* [Your goal] Go through the records and give each one again exactly, omitting the images.

* [Data excerpts]
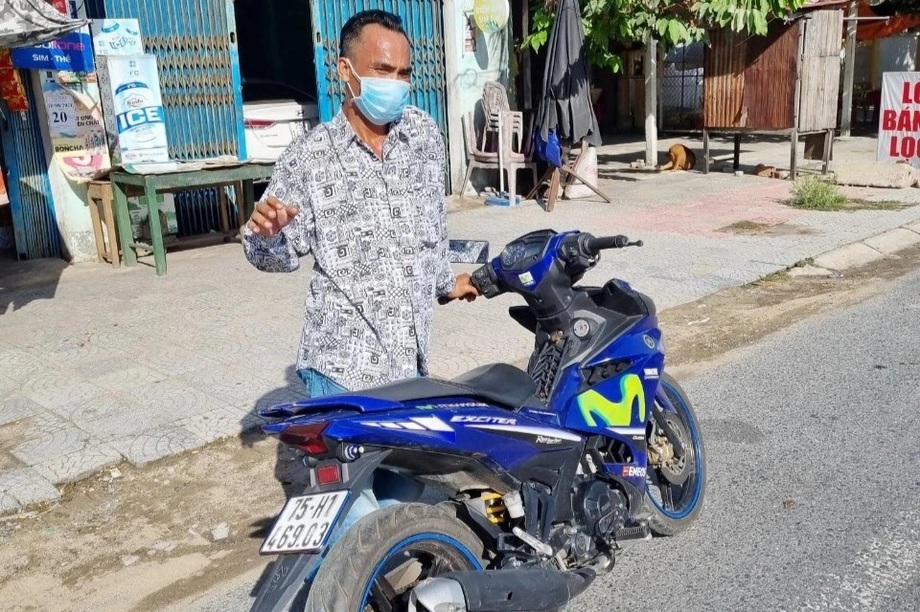 Bắt đạo chích trộm mô tô của người dân đi cách ly gửi ở bãi xe
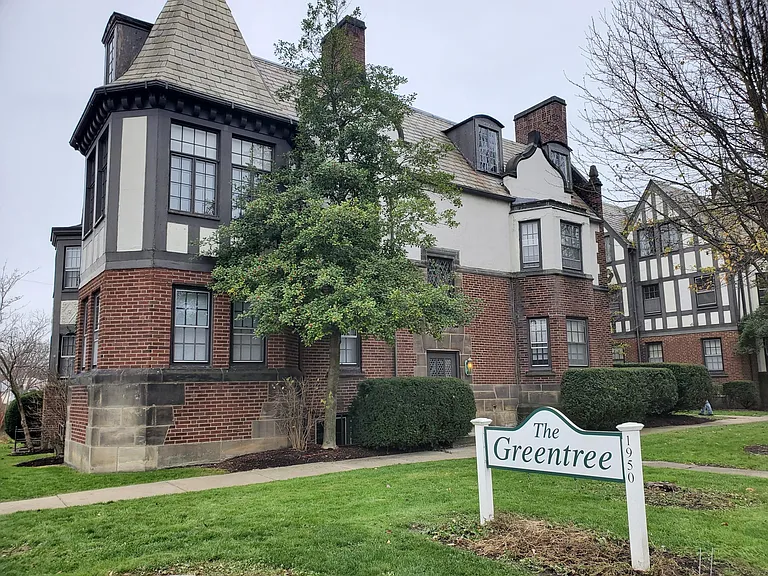 Greentree Apartments — Photo 15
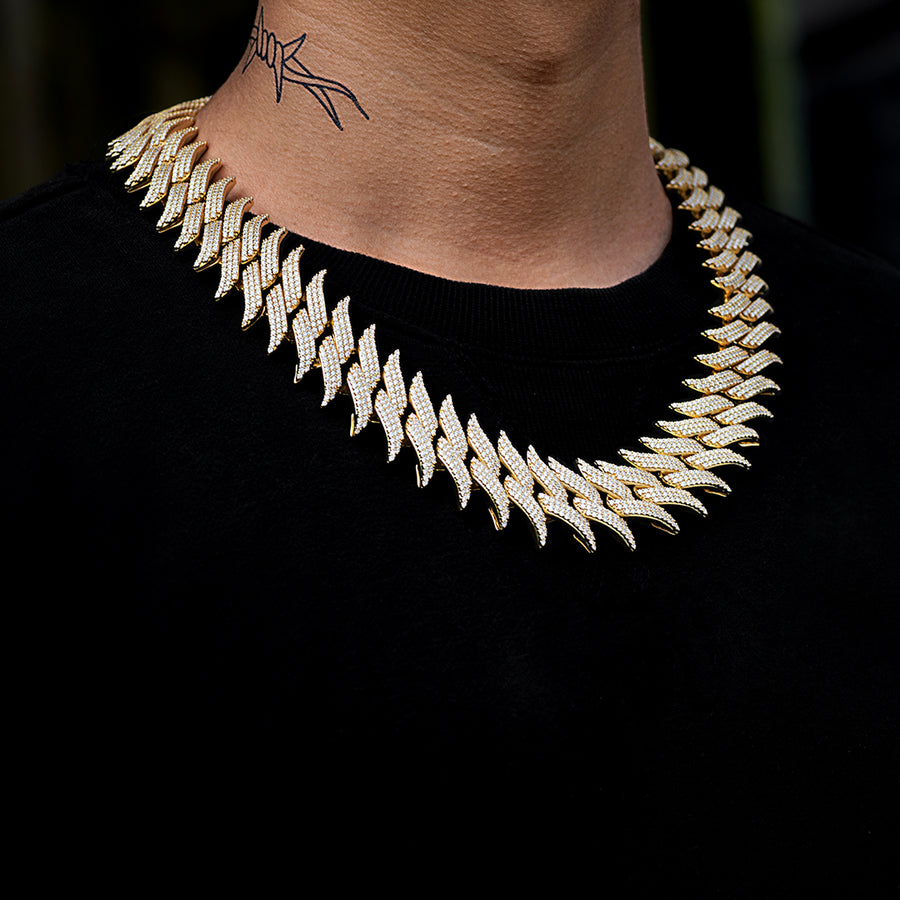 Spiked Cuban Link Chain (30mm) in Yellow Gold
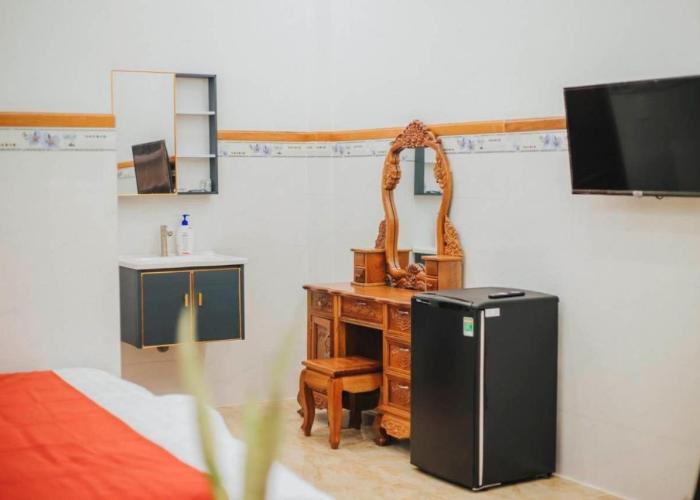 VILLA GIÓ BIỂN LAGI - Villa Gia đình 3 Phòng Ngủ, Sức chứa 8 - 20 Khách, Cách Biển Cam Bình 700m di chuyển, Sân Vườn Rộng Rãi, Tiện Nghi Nướng BBQ & Bãi Đậu Xe Ô tô Miễn Phí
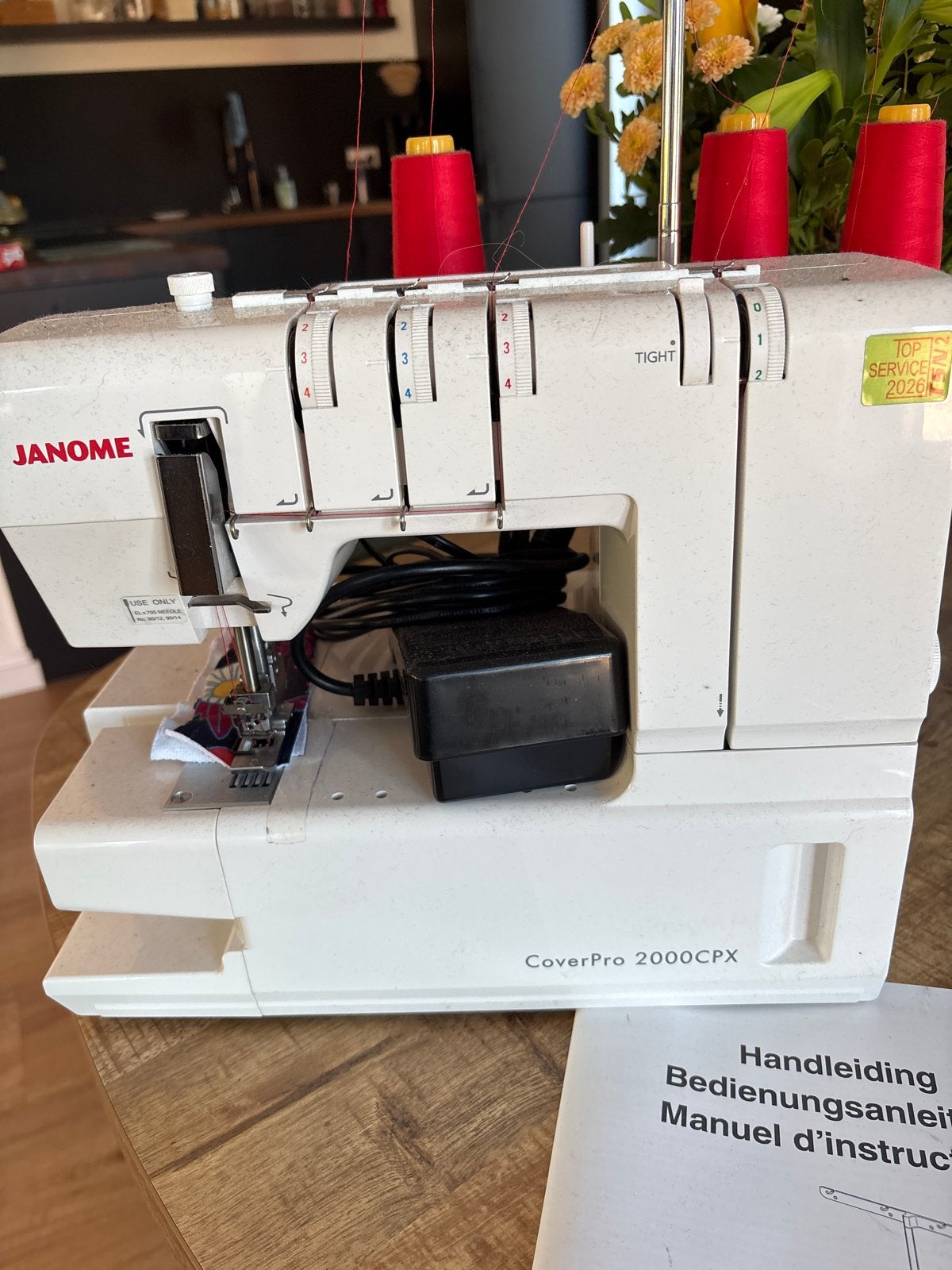 Janome CoverPro 2000CPX naaimachine - Recent onderhoud!, Hobby en Vrije tijd, Naaimachines en Toebehoren, Ophalen, Zo goed als nieuw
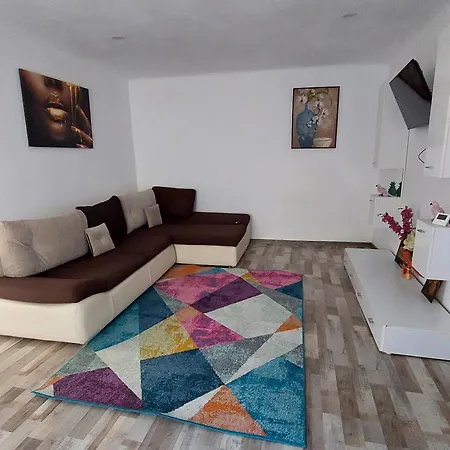 Apartament Diaconu Coresi Apartment *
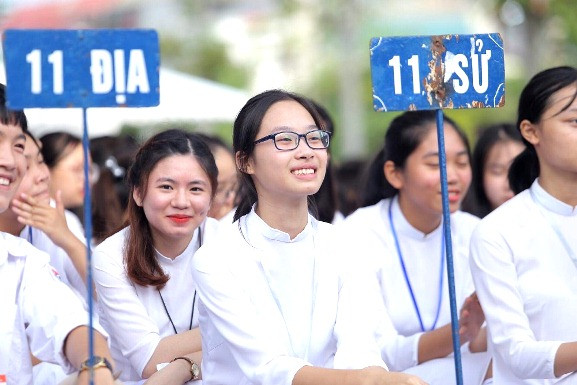 Thầy cô như tấm gương sáng thì học sinh sẽ học được điều hay lẽ phải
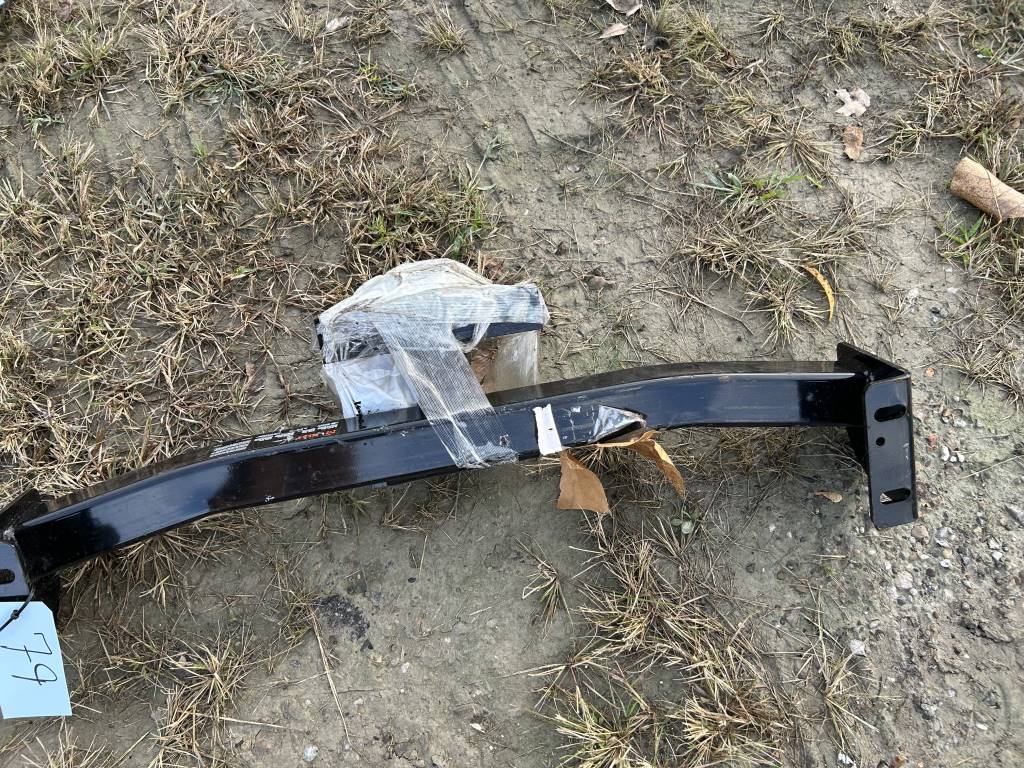 CURT TRAILER HITCH RECEIVER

* [Exercise result]
 Bắt đạo chích trộm mô tô của người dân đi cách ly gửi ở bãi xe
 Greentree Apartments — Photo 15
 Spiked Cuban Link Chain (30mm) in Yellow Gold
 VILLA GIÓ BIỂN LAGI - Villa Gia đình 3 Phòng Ngủ, Sức chứa 8 - 20 Khách, Cách Biển Cam Bình 700m di chuyển, Sân Vườn Rộng Rãi, Tiện Nghi Nướng BBQ & Bãi Đậu Xe Ô tô Miễn Phí
 Janome CoverPro 2000CPX naaimachine - Recent onderhoud!, Hobby en Vrije tijd, Naaimachines en Toebehoren, Ophalen, Zo goed als nieuw
 Apartament Diaconu Coresi Apartment *
 Thầy cô như tấm gương sáng thì học sinh sẽ học được điều hay lẽ phải
 CURT TRAILER HITCH RECEIVER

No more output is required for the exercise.